Light in the Most Unlikely Places: My Thirty-Year Trip Around the World – Mindy Belz

In 1994, I became the first appointed international editor at World Magazine, an enterprising Christian news outlet with admirable ambitions to cover global events, but without a travel budget.

To blaze the trail, I asked several denominations to send me missionary letters. They arrived in large manila envelopes. There was little overseas email traffic to my AOL account until the late 1990s. But studying the photocopied letters, I began to learn ground-level life in hard-to-reach places. I found contacts I could reach at odd hours through static phone calls or exchanges sent by fax machine.

Church in Ancient Homelands

A year later, I received an invitation to an excursion through Turkey with other journalists billed as a tour of “the other Holy Land.” Turkey wanted to become a member of the European Union, it wanted acceptance in the West, and promoting church tourism apparently was a way to do it.

The organizers hoped we journalists would highlight religious sites lost to the Ottoman Turks’ conquest of Christian Constantinople in 1453. It was all eye-opening for me as our group toured from Istanbul to Bursa, then east across to Cappadocia and as far as the border with Syria.

The group was emblematic of new frontiers opening in the 1990s. A newspaper editor from South Africa was traveling abroad for the first time since apartheid ended. A reporter from East Germany was making her first foray since the Berlin Wall fell. Learning I was an American, she said, “You have so many brands of laundry detergent. My whole life I could buy only one.”

Turkey’s bid for Western clout mirrored other changes in the Middle East. Israel that year signed onto the Oslo agreements and was normalizing relations with neighbors after decades of war. For me it was a busman’s holiday, learning just how much I had yet to learn about the church in its ancient homelands.

I learned also that it was easy to confuse the new openness with genuine liberty. After the trip, I discovered that Turkey continued to jail Christians, especially converts from Islam. It refused to license new churches even as it campaigned for Western cachet.

In similar ways and at the same time, as new mission efforts spread across the former Soviet Union, Communist holdovers would meet them with authoritarian restrictions under the banner of democratic reforms.

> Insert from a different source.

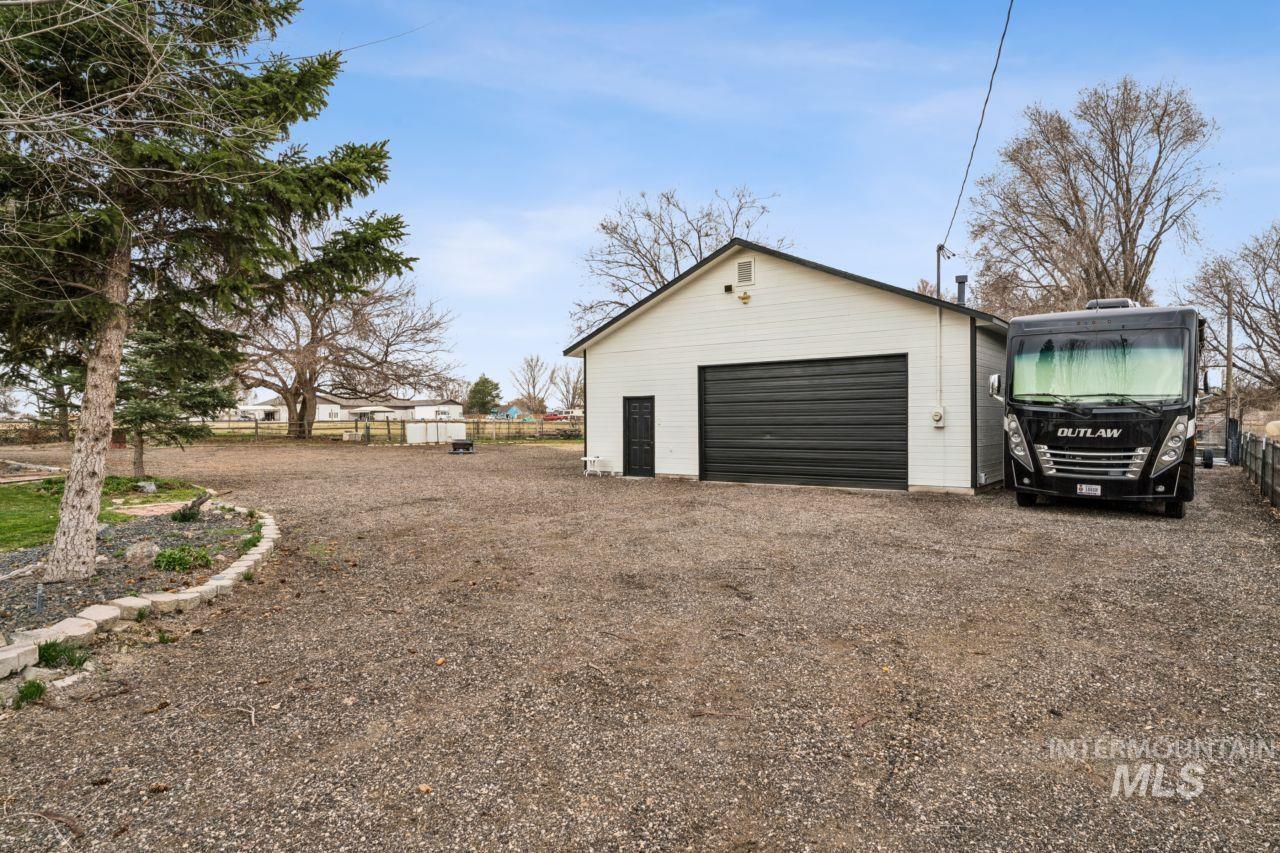 710 Keogh Ln, Caldwell, Idaho 83607, 4 Bedrooms, 3 Bathrooms, Residential For Sale, Price $989,000,MLS 98978355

Early the next year, I traveled to areas surrounding the Chernobyl nuclear site, covering the tenth anniversary of its explosion. I discovered how little had changed in the orange and yellow contamination zones of Belarus and Ukraine, and how desperately they needed Christian revival.

Nothing, Yet Everything

It was not in the Middle East, but in Africa, where I first glimpsed a rising threat to Christians. Sudan’s long-running civil war pitted Khartoum’s Islamic regime in the north against the south’s mostly Christian population. Government campaigns featured wholesale brutality little understood by the outside world. I witnessed forced displacement, starvation, and death.

One day with local aid workers and armed Sudanese escorts, I hiked to a burned-out mission compound destroyed years ago by government forces and only recently liberated by rebels. We walked single file under a fierce sun behind our escorts to avoid landmines.

The missionaries who opened the church and school in the 1930s had been gone for decades. Locals in those days had been slow to come to Christ, but surrounding tribes were now overwhelmingly Christian, with tens of thousands of believers. As we walked, children came out of huts to stare at me. They had never seen a white woman.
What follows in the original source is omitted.